Python comes with module sqlite3 to create and process databases that can be queried with its common query language. First, let's create a database file ...

# explore Python module sqlite3
# create a database file
# the query language is in optional upper case
# using unique id numbers prevents appending an existing db file 
# tested with Python27 and Python32

import sqlite3

# create/connect to a permanent database file
file_name = "stock_portfolio2.db3"
con = sqlite3.connect(file_name)

# establish the cursor
cur = con.cursor()

# if it doesn't exist yet, create the table named stocks
# give each transaction a unique id number
cur.execute('''CREATE TABLE IF NOT EXISTS stocks
    (id INT PRIMARY KEY, date TEXT, trans TEXT, 
    symbol TEXT, qty REAL, price REAL)''')

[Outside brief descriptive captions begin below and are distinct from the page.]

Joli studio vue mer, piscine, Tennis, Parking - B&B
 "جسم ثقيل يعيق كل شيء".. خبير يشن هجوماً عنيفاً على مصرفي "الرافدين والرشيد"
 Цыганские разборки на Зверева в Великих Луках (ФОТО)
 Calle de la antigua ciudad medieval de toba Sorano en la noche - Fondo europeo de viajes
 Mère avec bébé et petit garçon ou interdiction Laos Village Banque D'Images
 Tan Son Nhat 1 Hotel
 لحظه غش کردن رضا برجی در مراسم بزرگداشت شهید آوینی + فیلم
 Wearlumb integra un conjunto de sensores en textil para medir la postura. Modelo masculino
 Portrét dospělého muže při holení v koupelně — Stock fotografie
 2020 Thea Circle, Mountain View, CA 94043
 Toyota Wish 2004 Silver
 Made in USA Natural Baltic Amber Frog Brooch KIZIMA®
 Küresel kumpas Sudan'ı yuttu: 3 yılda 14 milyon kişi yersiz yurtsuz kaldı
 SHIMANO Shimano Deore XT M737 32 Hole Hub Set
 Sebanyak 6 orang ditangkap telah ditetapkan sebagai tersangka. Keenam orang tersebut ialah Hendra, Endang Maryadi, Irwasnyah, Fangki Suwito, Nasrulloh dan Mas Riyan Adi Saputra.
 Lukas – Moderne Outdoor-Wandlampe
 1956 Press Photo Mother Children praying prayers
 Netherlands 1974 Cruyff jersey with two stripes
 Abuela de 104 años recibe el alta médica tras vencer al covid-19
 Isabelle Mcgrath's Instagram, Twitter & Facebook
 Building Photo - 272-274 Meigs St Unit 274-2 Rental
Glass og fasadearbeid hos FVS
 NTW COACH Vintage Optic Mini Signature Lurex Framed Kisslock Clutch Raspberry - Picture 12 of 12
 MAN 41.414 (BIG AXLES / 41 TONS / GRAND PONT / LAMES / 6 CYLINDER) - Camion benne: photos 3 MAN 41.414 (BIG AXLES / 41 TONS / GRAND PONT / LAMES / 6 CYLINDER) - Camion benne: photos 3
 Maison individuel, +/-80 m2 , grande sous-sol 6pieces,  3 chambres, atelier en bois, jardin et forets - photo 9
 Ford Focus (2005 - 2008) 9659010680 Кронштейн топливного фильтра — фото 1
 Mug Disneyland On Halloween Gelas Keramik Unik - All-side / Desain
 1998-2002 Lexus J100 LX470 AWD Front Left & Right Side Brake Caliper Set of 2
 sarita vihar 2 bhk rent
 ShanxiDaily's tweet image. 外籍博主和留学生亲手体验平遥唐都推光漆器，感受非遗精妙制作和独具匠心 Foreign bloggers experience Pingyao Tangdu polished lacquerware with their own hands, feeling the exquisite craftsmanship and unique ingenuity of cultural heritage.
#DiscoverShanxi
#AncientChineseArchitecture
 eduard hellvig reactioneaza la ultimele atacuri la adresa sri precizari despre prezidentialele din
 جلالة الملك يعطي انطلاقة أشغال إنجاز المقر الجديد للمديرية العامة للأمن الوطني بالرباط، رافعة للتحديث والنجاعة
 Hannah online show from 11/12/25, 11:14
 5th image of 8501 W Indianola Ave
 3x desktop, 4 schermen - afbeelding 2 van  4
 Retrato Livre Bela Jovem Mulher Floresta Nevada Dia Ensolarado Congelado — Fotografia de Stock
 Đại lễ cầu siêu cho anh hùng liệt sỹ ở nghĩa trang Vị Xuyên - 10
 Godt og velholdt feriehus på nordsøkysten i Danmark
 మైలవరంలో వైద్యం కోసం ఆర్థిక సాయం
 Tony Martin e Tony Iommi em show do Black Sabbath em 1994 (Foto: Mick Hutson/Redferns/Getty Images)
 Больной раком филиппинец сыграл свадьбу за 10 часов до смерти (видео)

# insert several lines at once using a
# list of (id, date, trans, symbol, qty, price) tuples
# each tranaction is given a unique id for data security
# the unique id primary key prevents any existing database file
# from being appended with a potentially conflicting data id 
try:
    stocks = [
    (100, '2011-05-07', 'buy', 'AZN', 500, 55.05),
    (101, '2011-05-07', 'buy', 'CAT', 200, 110.34),
    (102, '2011-05-07', 'sell', 'IBM', 100, 168.89),
    (103, '2011-05-07', 'buy', 'GE', 2000, 20.01)
    ]
    # the ? placeholders match tuple items
    cur.executemany("""INSERT INTO stocks
    VALUES (?, ?, ?, ?, ?, ?)""", stocks)
except:
    pass

# commit current data to the db file
con.commit()

# quickly test the database, in sorted order by symbol
cur.execute('SELECT * FROM stocks ORDER BY symbol')
# fetch all data rows
for row in cur.fetchall():
    print(row)

'''
(100, u'2011-05-07', u'buy', u'AZN', 500.0, 55.05)
(101, u'2011-05-07', u'buy', u'CAT', 200.0, 110.34)
(103, u'2011-05-07', u'buy', u'GE', 2000.0, 20.01)
(102, u'2011-05-07', u'sell', u'IBM', 100.0, 168.89)
'''

# done
con.close()

Now let's use the database file we just created ...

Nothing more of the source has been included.